Action item: Only one stretch of the data should be retyped: the lines from the line containing "В Мариуполе задержали" through the line containing "Beach View Studio". Keep pictures out of it.

(Web page caption snippets)
--------------------------------------------------

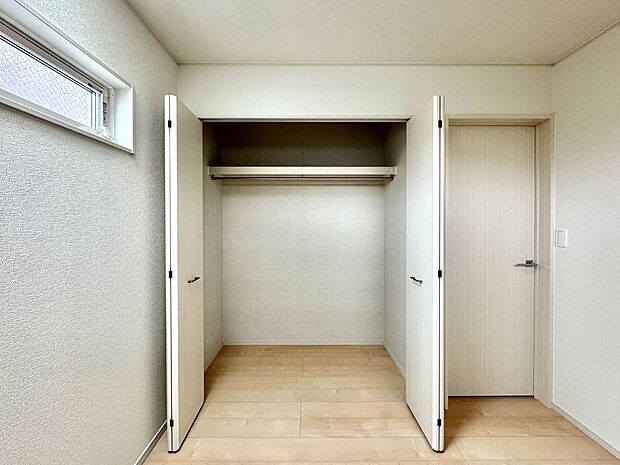 2号棟【WIC（ウォークインクローゼット）】  たくさんの洋服をかけてもシワになりにくいウォークインクローゼット。洋服以外にも、普段使わない家電やスーツケース、ストック品など何でも片付く嬉し…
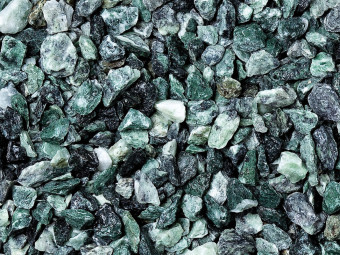 TERMÉSZETES KÖVEK_Zuzott kő Verde Alpi 12-16 mm zsákos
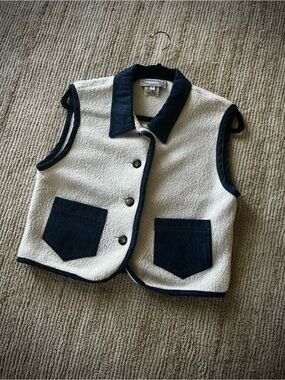 Vintage Stonebridge Cream Sherpa Button-Down Vest with Navy Trim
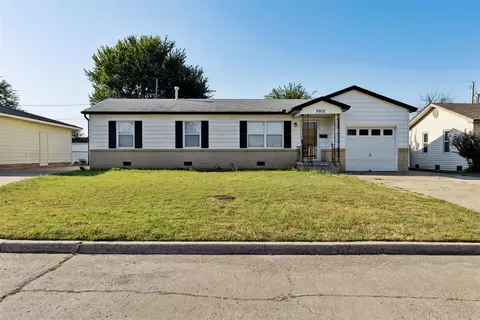 Exterior - 7012 NW 62nd St, Bethany, OK 73008 photo 3 of 10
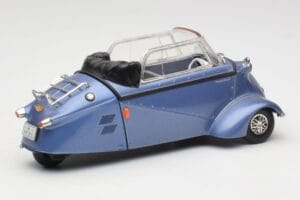Messerschmitt KR201 Roadster Zils Revell 1:18 08966 Metāls — attēls 3 no 8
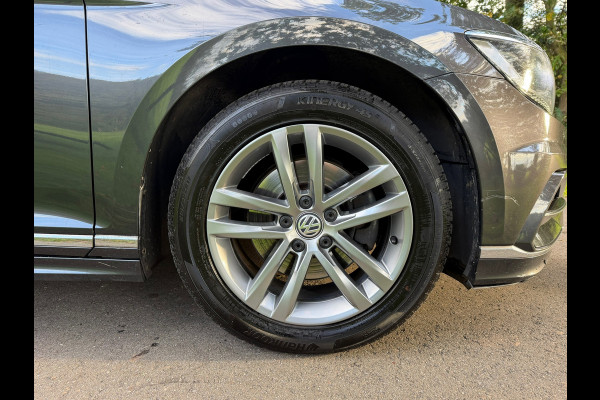 Volkswagen Passat Variant 1.6 TDI Highline Business R | Navi + Cruise control Nu € 10.275 Inclusief BTW,- !!!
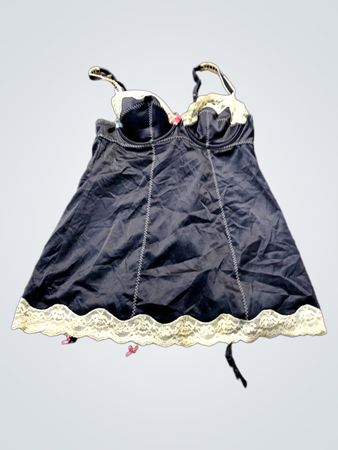 Schwarzer Lingerie-Slip mit Spitzenrand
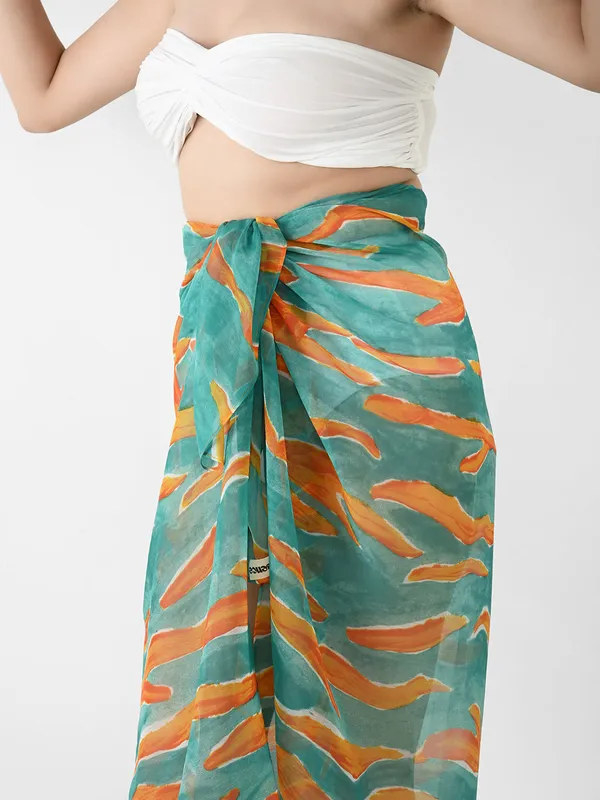 Green_Abstract_Printed_Long_Sarong_for_Women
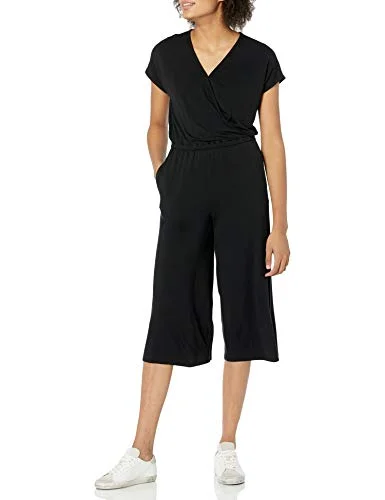 Amazon Essentials dam kortärmad Surplice beskuren overall med brett ben, svart, medium 195111429069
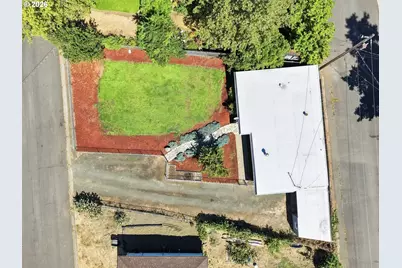 425 W Elm St, Roseburg, OR 97471 - Photo 31
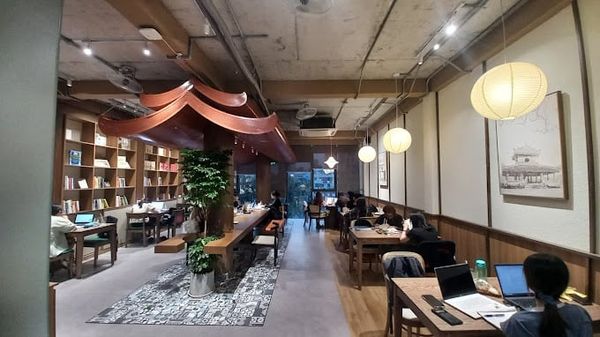 Loa Goldsound cho Khâm Thiên Giám - Books & Coffee, Hà Nội, amply 2 kênh 380w, bluetooth 5.0, loa 13w, loa được thiết kế riêng cho quán, bật lớn không tạp âm, miễn phí công lắp đặt, bảo hành dài hạn 5 năm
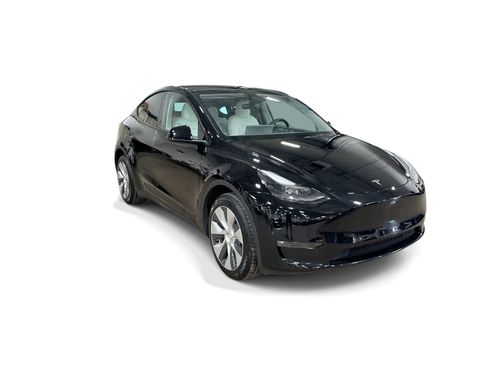Certified 2023 Tesla Model Y Long Range AWD/4WD image 8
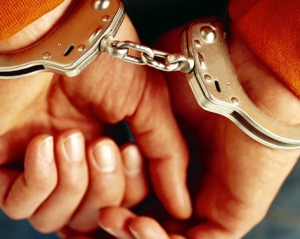 В Мариуполе задержали педофила, который изнасиловал 9-летнюю девушку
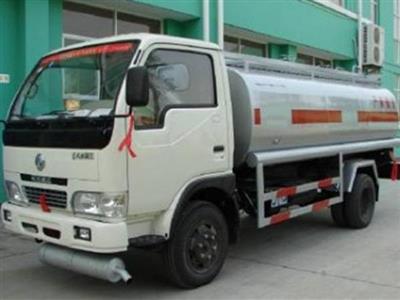 Xe téc chở xăng dầu 8 khối dongfeng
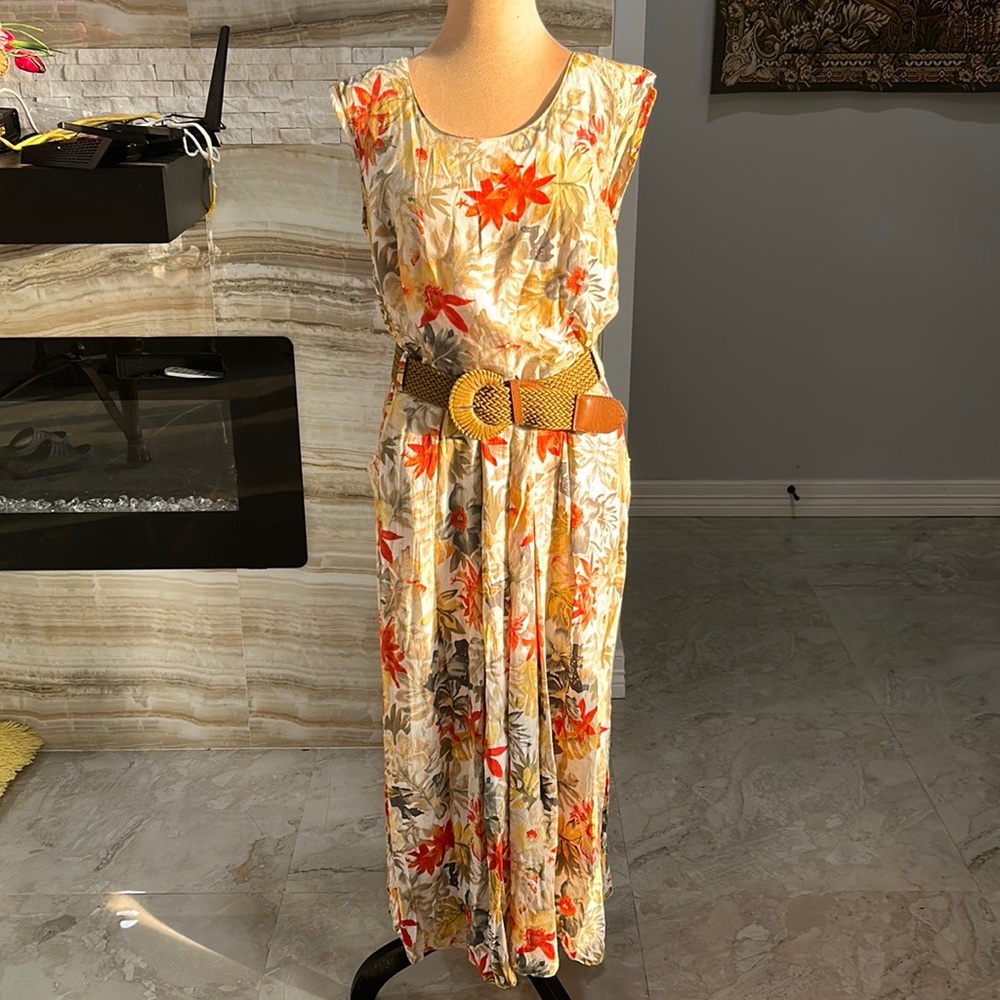 Steilmann Germany Women’s Maxi Floral Dress.‎ Size Approximately Large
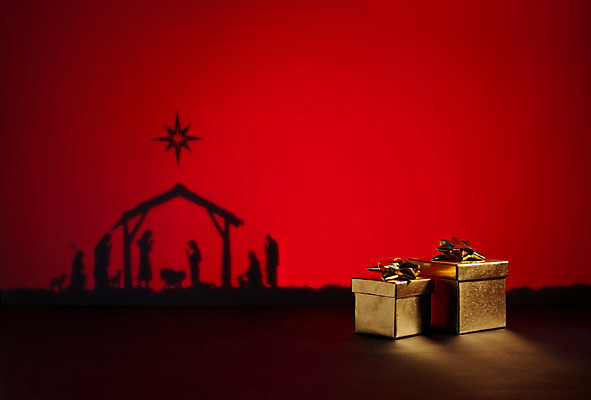 포토 JPG 해외이미지 계절 실루엣 별 리본 기독교 종교 어린이 크리스마스 가족 엄마 휴가 이야기 선물 사랑 사람없음 장식 빨간색 상자 검은색 축제 성경 축하 아기 예수 황금 야간 12월 심볼 활 신성 마리아 요셉 노엘 베들레헴 해외202004 해외포토 자연요소 기념일 감정 컬러 컨셉 종교용품 관계 촬영기법 사람 신_종교 날짜 파일형식 이미지허브
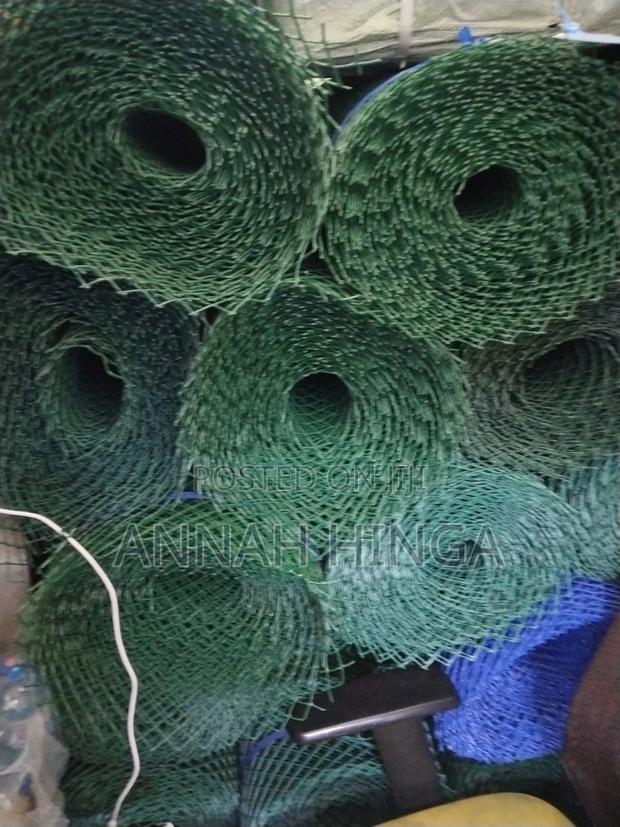 Poultry Wire Mesh 25m - thumbnail 3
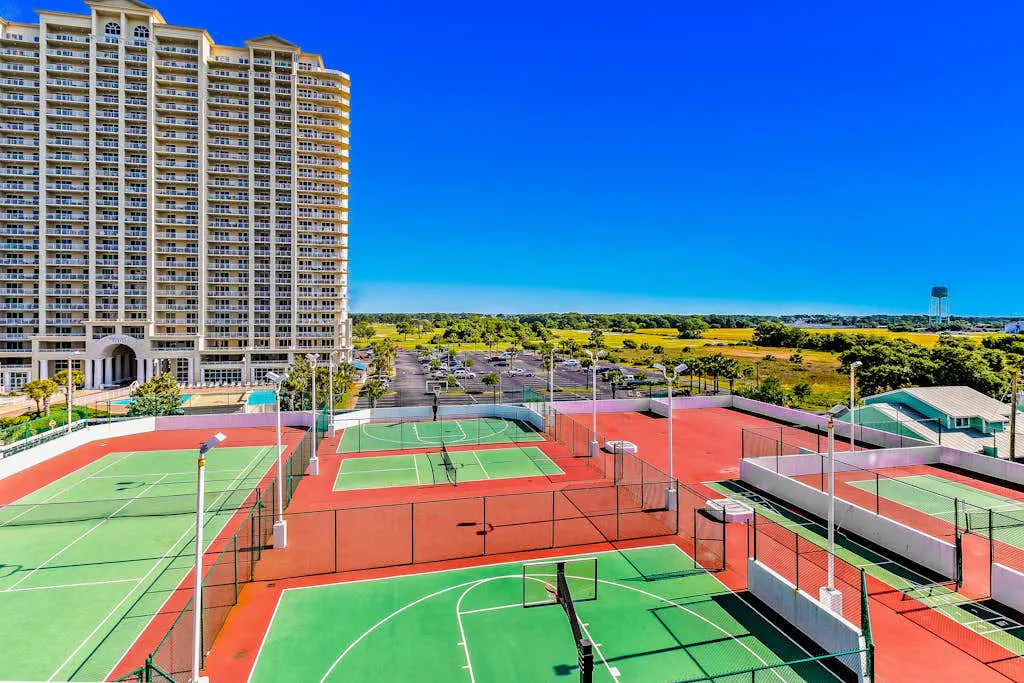 Beach View Studio w/Private Balcony, Pool, Hot Tub & Resort Access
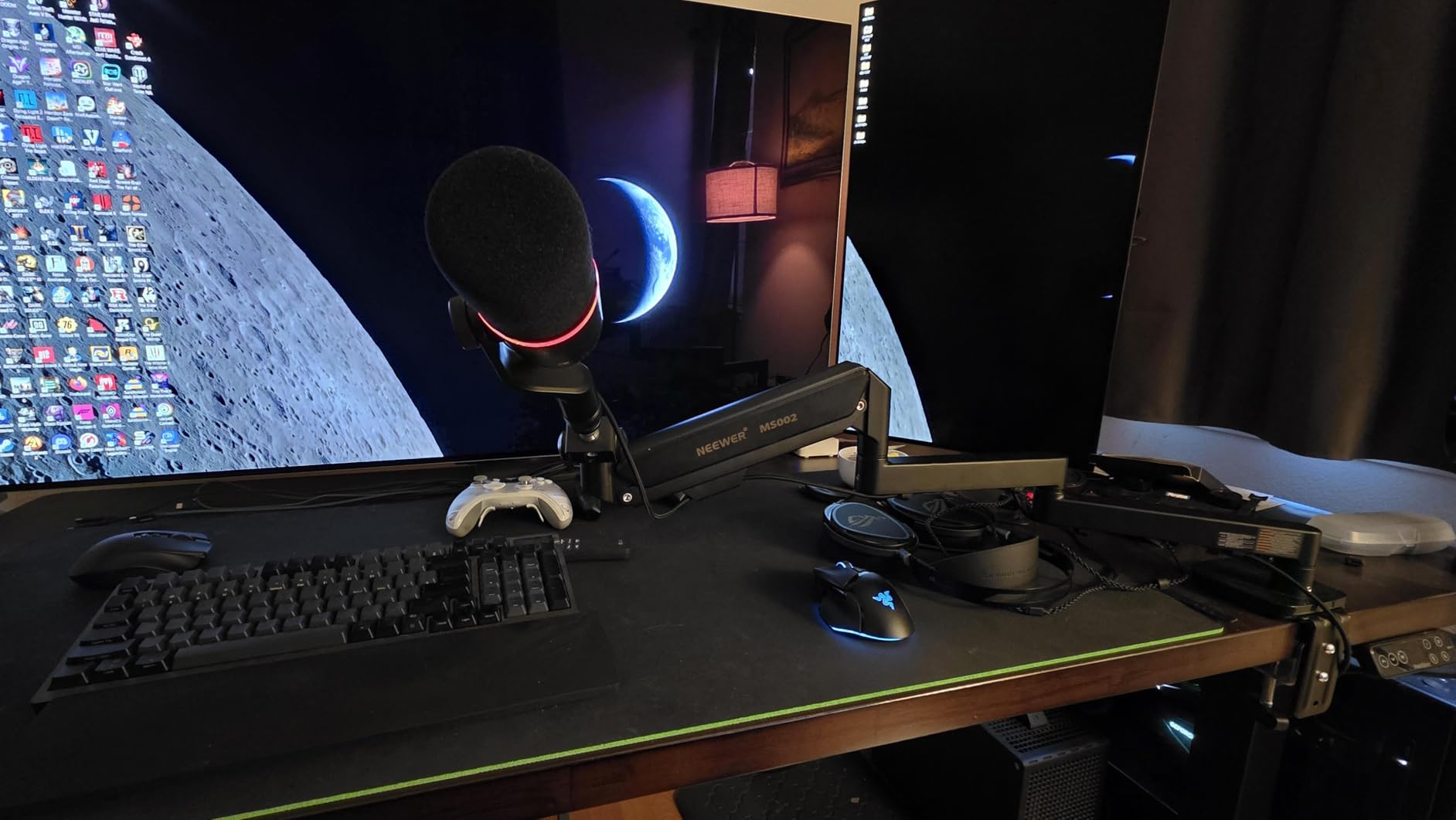 Neewer Low Profile Mic Arm Desk Mount, 360 Degree Swivel Boom Arm with Pneumatic Damping Adjustable, Cable Management, Compatible with Shure MV7 SM7B Blue Yeti - MS002 customer photo 1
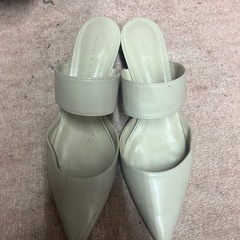 CHARLES&KEITH パンプス 23.5cmの画像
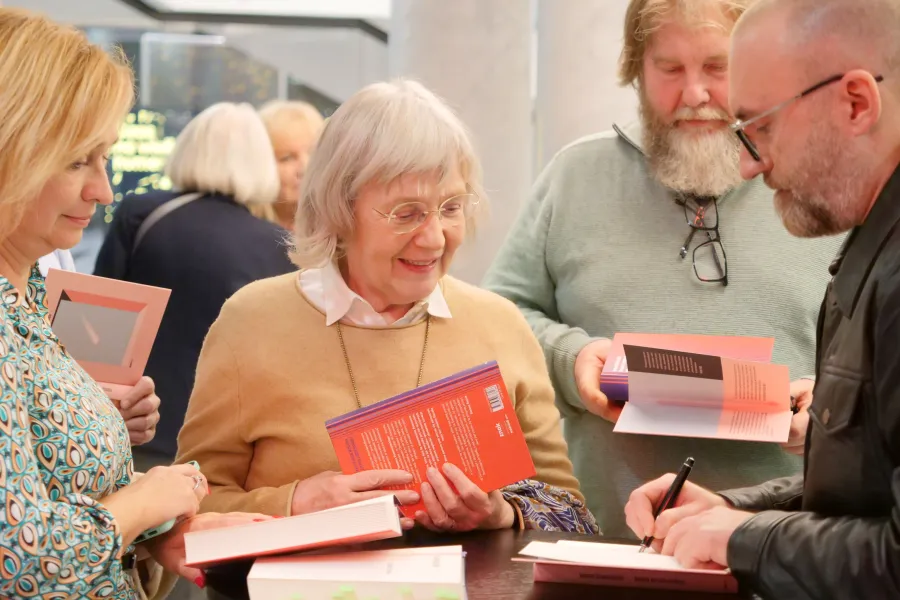 Rozmowy na czas chaosu z Tomaszem Stawiszyńskim
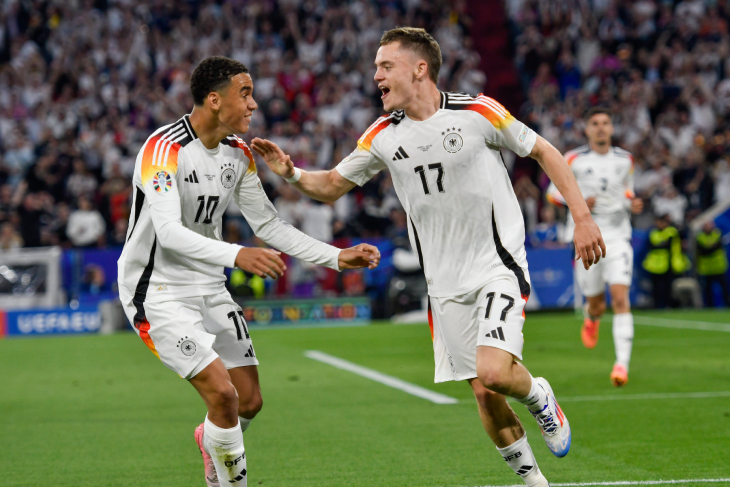 Джамал Мусиала и Флориан Вирц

--------------------------------------------------

Exercise solution:
 В Мариуполе задержали педофила, который изнасиловал 9-летнюю девушку
 Xe téc chở xăng dầu 8 khối dongfeng
 Steilmann Germany Women’s Maxi Floral Dress.‎ Size Approximately Large
 포토 JPG 해외이미지 계절 실루엣 별 리본 기독교 종교 어린이 크리스마스 가족 엄마 휴가 이야기 선물 사랑 사람없음 장식 빨간색 상자 검은색 축제 성경 축하 아기 예수 황금 야간 12월 심볼 활 신성 마리아 요셉 노엘 베들레헴 해외202004 해외포토 자연요소 기념일 감정 컬러 컨셉 종교용품 관계 촬영기법 사람 신_종교 날짜 파일형식 이미지허브
 Poultry Wire Mesh 25m - thumbnail 3
 Beach View Studio w/Private Balcony, Pool, Hot Tub & Resort Access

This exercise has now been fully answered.